Help optimizing scanned PDF
Does anyone have experience with scanning a book and then optimizing it as a pdf file?
Since I'm fortunate to have an undergraduate schlepper at work who does photocopies for us underpaid professors, I decided to try an ebook experiment today.
I had her xerox an entire book. Our Xerox machine's sheet feeder will then allow you to email an entire set of pages to yourself in various formats. The book was 51 (double column) pages. I find that selecting "compact pdf" results in a file that's not to large but fully readible.
So the resultant document is 2MB. I decided to run it through OCR software (Nitro 7) so I could have a document with searchable text.
There are few images in the book and none on the pages that contain text.
Here's where it starts to get confusing.
I used the default settings "searchable text image". I ended up with a 60mb file. And I don't understand why.

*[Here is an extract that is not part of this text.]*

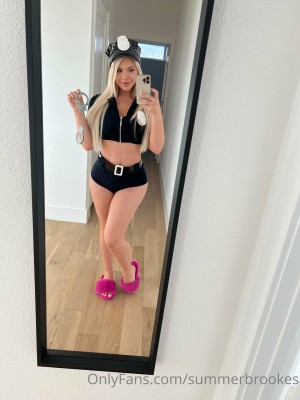 Summer Brookes Photo #1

Why was is it 30x larger than the original?
I then tried the alternative setting - "editable text". The resulting document looked the same except the few images and some artifacts were removed. But the file was still 7MB, considerably larger than the original.
The only other thing I played around with was the "optimize pdf" feature - using the 7mb file. I removed the embedded fonts. I ended up with a 460kb file, that, near as I can tell, looks the same.
I understand in principle what embedding fonts means - so that the doc will look exactly the same on all machines - but the book has few distinct fonts in it.
So I'm a bit perplexed at how best to optimize a pdf. I want to keep the file sizes small, but I don't want to lose legibility. I see myself doing this a great deal in the future with books I get from Inter-library loan. It's far easier for my research to have them electronically, to read and annotate on my iPad. And having the text searchable is a major asset.
The Nitro user guide is less than helpful.
These aren't chemistry or economics textbooks, so there aren't flowcharts, pie graphs and what have you. They're mostly text.